BTW - in the panel discussion, they mention the tax cuts, and Iraq/Afghanistan - even if both were to sunset, it wouldn't cover our obligations.
I admit that Buffett and Peterson got a little to 'America the beautiful, tear, tear' for my taste. And the 'privitize SS' garbage being spouted by the CATO Rep was countered by the CEO of AARP - thank goodness!
Lots of comments above about the simple fixes for Medicare - anyone of you ever get in the ring with an insurance lobby? Good luck!

Posted by: BustaMove | Aug 27, 2008 9:43:35 AM

"taxes negatively impact the economy"
not so - taxes take from the over compensated and recycle the cash into new plans - many families, sm business and mega corps depend on that redistribution

over compensated = profits above a globally accepted return on investment

I like the drill down on the tax types.

"Capital gains and corporate taxes are the most harmful" classic talking your book

Land ownership? Once born you are guaranteed nothing. Its a jungle baby.
To many people making to many problems.

Posted by: Greg0658 | Aug 27, 2008 9:55:52 AM

NDD wrote:"This film is tripe, by the same people who enacted income tax cuts for billionaires (and google the producers of the film, BTW, to see who they are and what their interest might be) in 2001, creating huge budget deficits, and now want to steal what's left of middle class social insurance rather than make the general budget whole.."

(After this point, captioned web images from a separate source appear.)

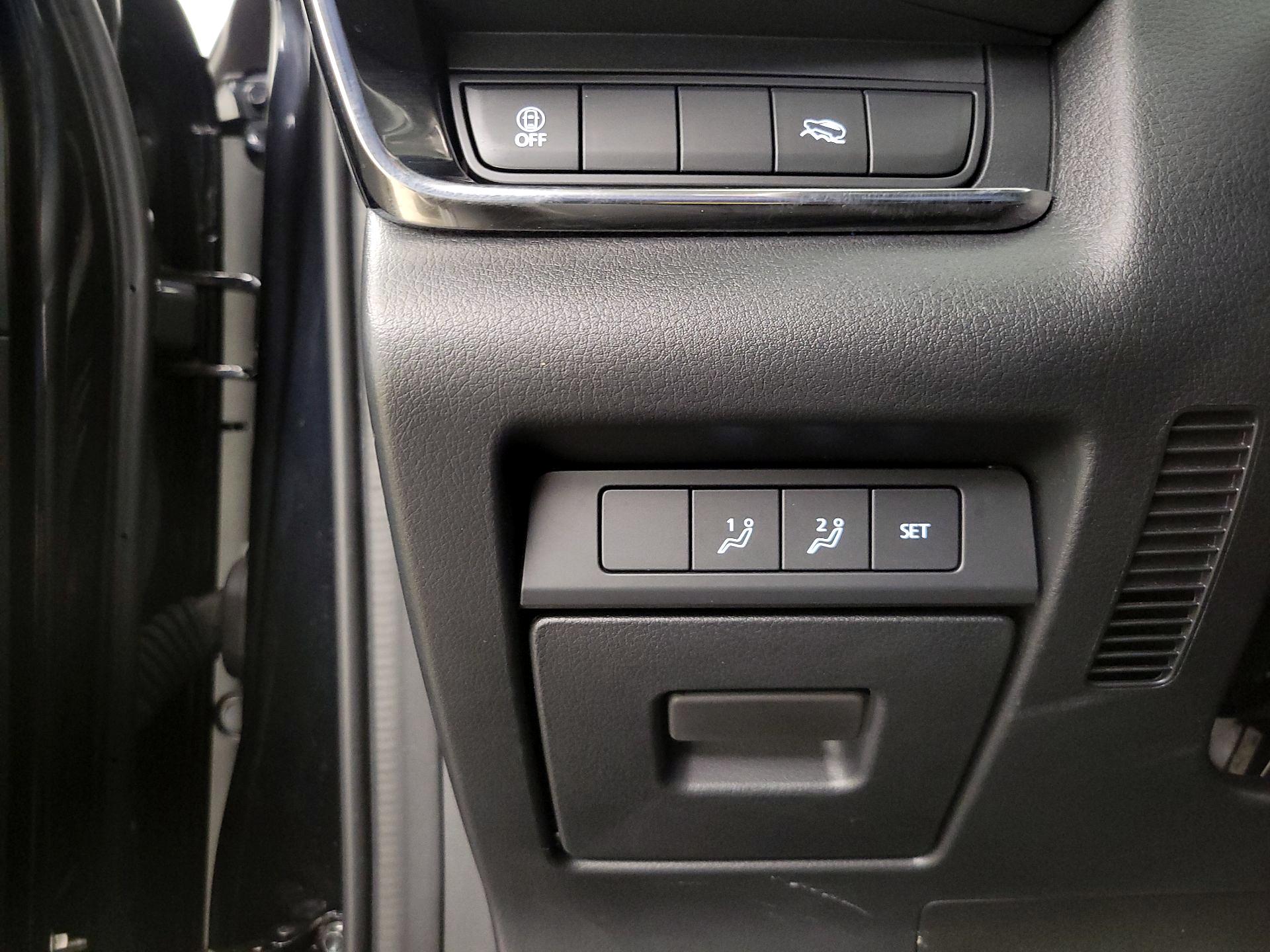 Thumbnail: 2023 Mazda CX-30 - 13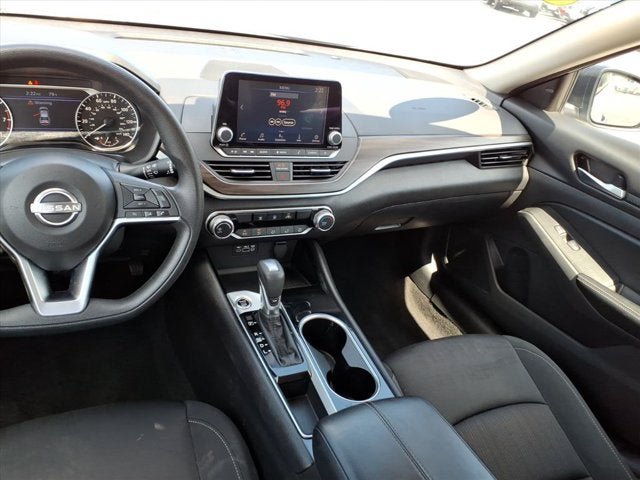 Certified 2024 Nissan Altima 2.5 SV FWD image 12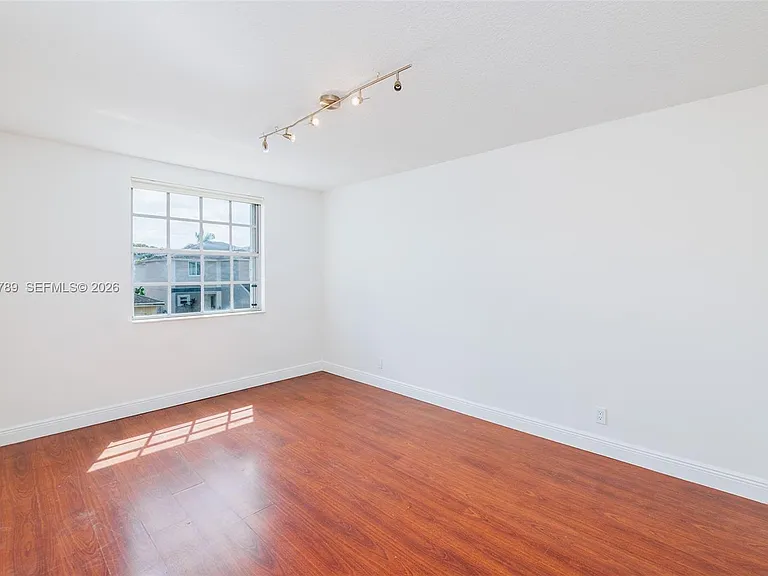 305 S Ketch Dr — Photo 18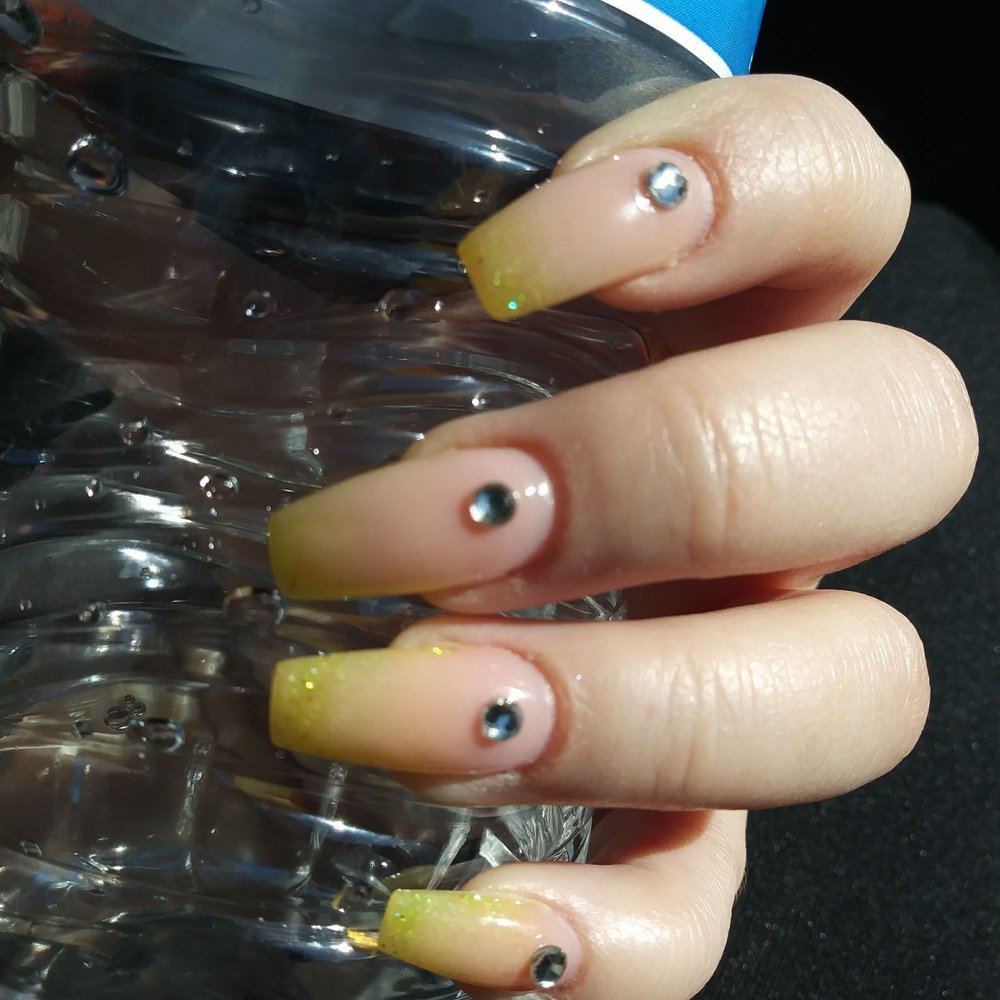 True Touch Nails & Spa - Nail Salons Near Me - Norco, California
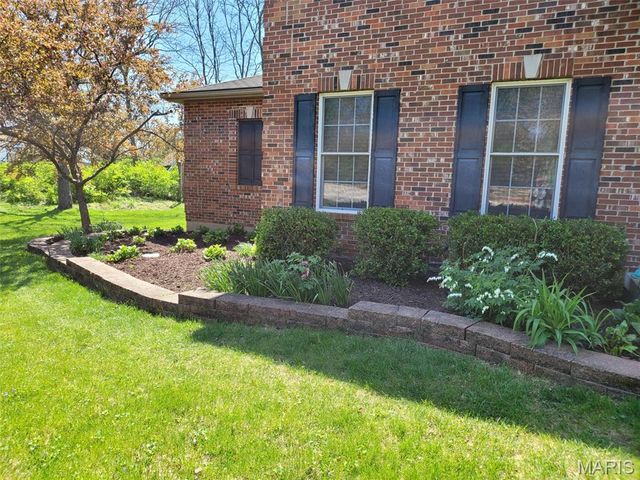 1 Crabapple Court, Olivette, MO 63132
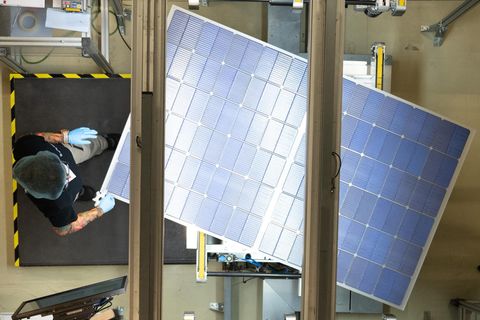Qualitätskontrolle im Solarmodulwerk von Meyer Burger im sächsischen Freiberg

Can you provide more specific information? I'm not saying that as a snark - I just did a bunch of searching and have not found anything about this issue. Any thoughts appreciated.

Posted by: dmwr | Aug 27, 2008 10:06:48 AM

When I read all of the above comments and look at where the US is today I think the below quote is most appropriate.

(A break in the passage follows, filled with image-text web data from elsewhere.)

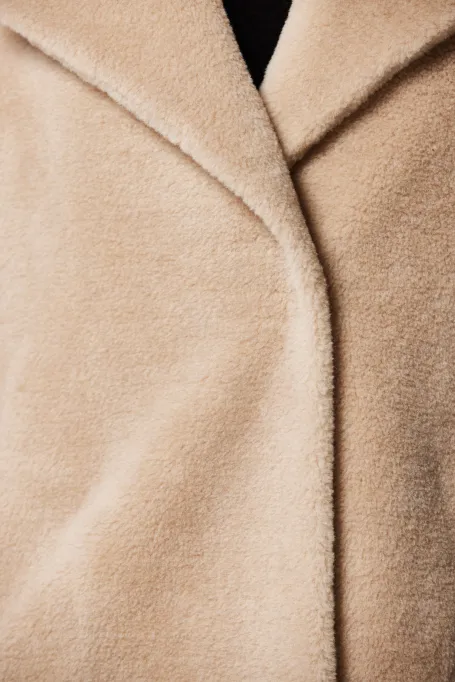 Dlouhá béžová vesta z teddy bear vlny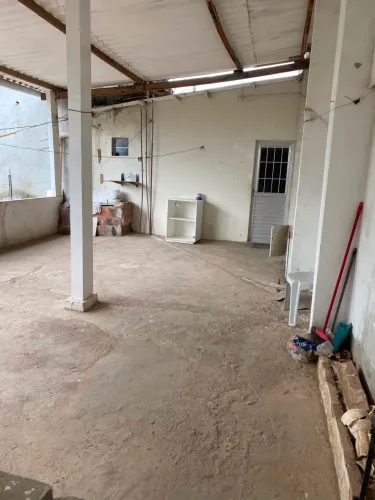 Alugo uma casa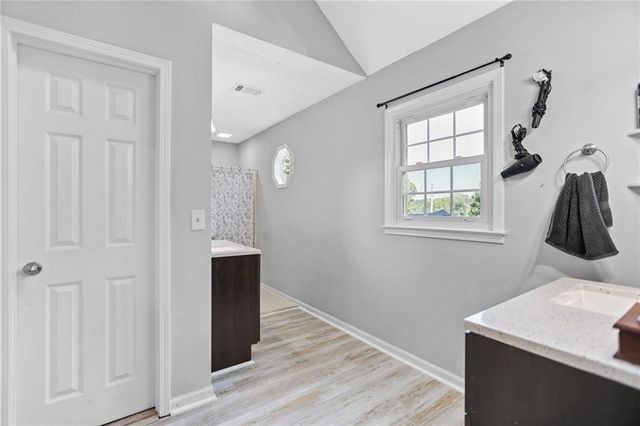 232 Lakewood Drive, Carrollton, GA 30117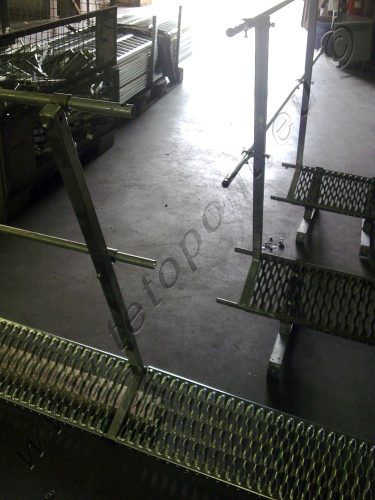 Korlát szett tetőjárda kialakításához horganyzott és festett Magyar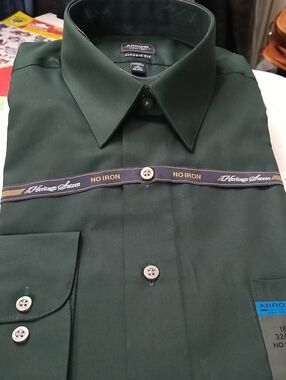 ARROW mens shirt size 16 32/33 long. sleeve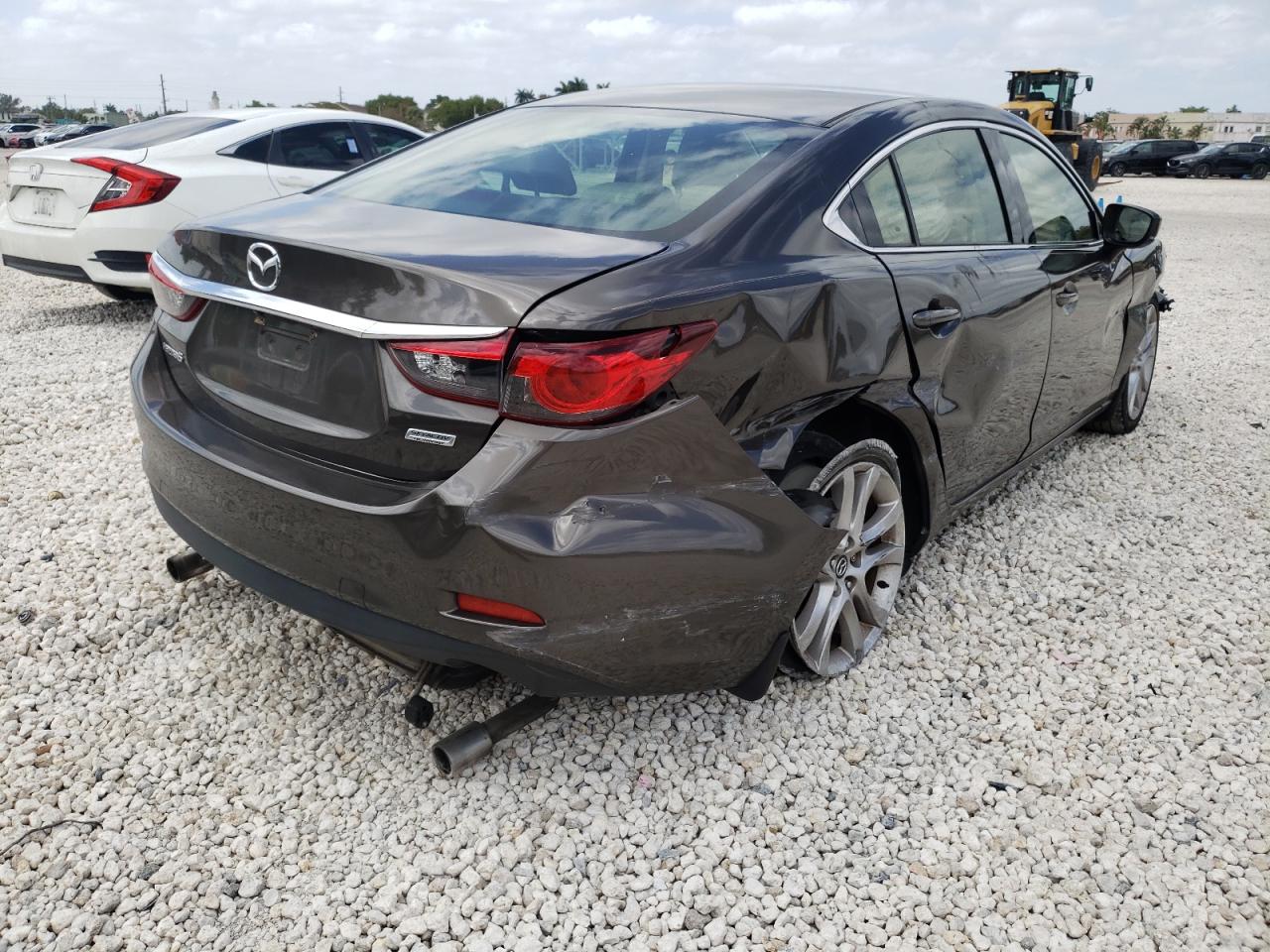 Photo 4 from auction – 2017 MAZDA 6 TOURING with VIN JM1GL1V56H1120794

“A democracy cannot exist as a permanent form of government. It can only exist until the voters discover that they can vote themselves largess from the public treasury. From that moment on, the majority always votes for the candidates promising the most benefits from the public treasury with the result that a democracy always collapses over loose fiscal policy followed by a dictatorship. The average age of the world's greatest civilizations is 200 years." (Alexander Fraser Tytler, 1776)

The fact that it's from 1776 adds weight to societies doing the same thing over and over again.

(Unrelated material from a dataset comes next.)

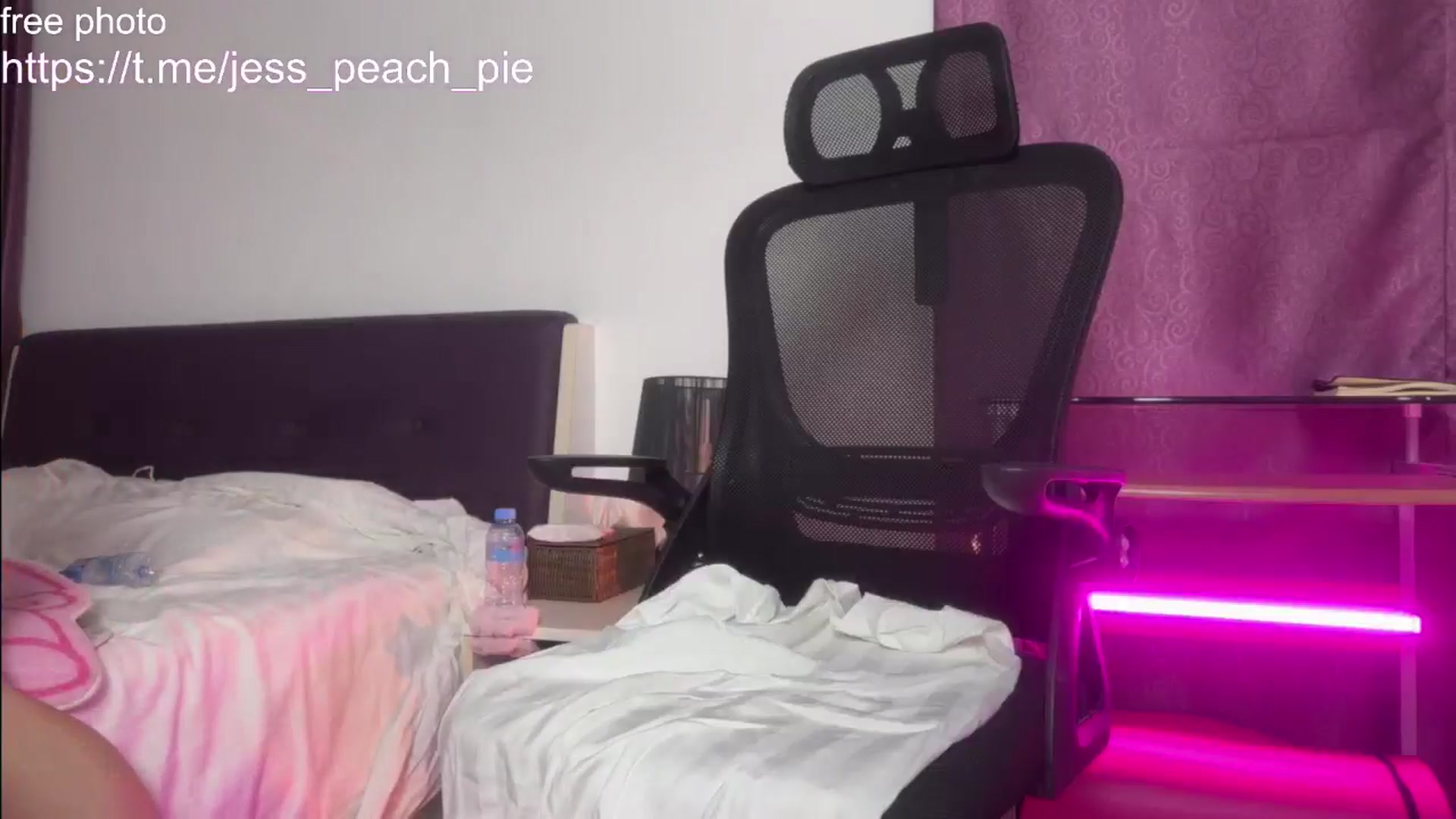 Gallery image thumbnail from Jess_peach's myfreecams stream on, 07/30/2024, 13:48 image 3 of 20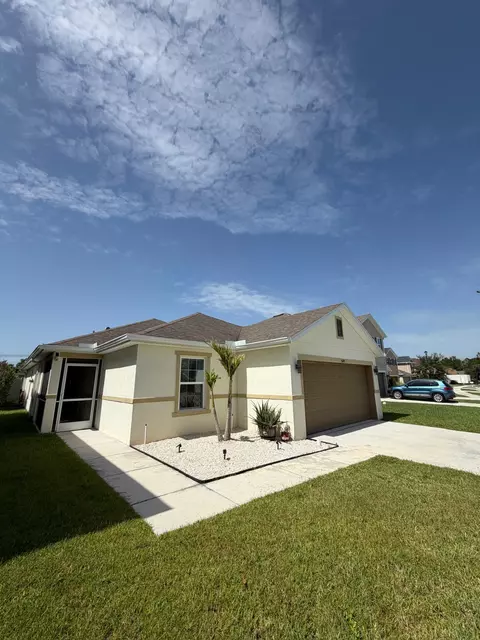 5670 NW Pine Trail Cir, Port Saint Lucie, FL 34983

Posted by: Dale | Aug 27, 2008 10:19:19 AM

And for evidence of the above from Marketwatch,

"Guns or butter ... why not both? Democrats ask
National security can also mean spending money at home, they say"

http://www.marketwatch.com/news/story/guns-butter--why-not/story.aspx?guid={8483DCEE-C3AB-4D6C-95C6-2FE7DE6F3E8E}&dist=hplatest

I thought Johnson settled the guns and butter debate during Vietnam.

Posted by: Dale | Aug 27, 2008 10:28:52 AM

There are lies, damn lies and statistics. There is no way we can continue at the pace we are going but then we won't. The market is going to enforce change. But, I have seen some of the analysis on these future projections and they are complete lies. And, they are massive lies. But, if this scares the shit out of people and helps boot out the jackasses, that's fine by me.